◆ Task statement
In the records below, the line with "Ludwig Bickell-Hessische Holzbauten-Heft" opens the range and the line with "Module méridienne accoudoir" closes it; print that range exactly and nothing else.

(Web page caption snippets)
--------------------------------
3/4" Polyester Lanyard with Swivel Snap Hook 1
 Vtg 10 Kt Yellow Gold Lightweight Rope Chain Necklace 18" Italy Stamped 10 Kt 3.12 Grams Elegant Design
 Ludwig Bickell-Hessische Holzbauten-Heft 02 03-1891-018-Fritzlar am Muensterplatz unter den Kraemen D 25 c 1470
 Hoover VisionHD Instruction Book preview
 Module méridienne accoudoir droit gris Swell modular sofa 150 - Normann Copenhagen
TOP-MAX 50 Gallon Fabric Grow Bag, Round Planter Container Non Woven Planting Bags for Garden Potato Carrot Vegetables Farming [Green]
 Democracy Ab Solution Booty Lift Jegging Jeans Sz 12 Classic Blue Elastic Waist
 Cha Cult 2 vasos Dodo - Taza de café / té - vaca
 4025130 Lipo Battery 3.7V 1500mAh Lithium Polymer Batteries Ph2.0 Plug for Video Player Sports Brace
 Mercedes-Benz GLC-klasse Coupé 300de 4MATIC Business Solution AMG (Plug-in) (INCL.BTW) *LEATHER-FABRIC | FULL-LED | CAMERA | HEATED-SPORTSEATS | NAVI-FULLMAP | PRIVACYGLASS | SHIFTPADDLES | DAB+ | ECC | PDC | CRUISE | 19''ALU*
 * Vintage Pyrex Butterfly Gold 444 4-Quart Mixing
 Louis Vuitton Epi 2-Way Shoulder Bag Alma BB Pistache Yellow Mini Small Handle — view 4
--------------------------------
◆ Task result
 Ludwig Bickell-Hessische Holzbauten-Heft 02 03-1891-018-Fritzlar am Muensterplatz unter den Kraemen D 25 c 1470
 Hoover VisionHD Instruction Book preview
 Module méridienne accoudoir droit gris Swell modular sofa 150 - Normann Copenhagen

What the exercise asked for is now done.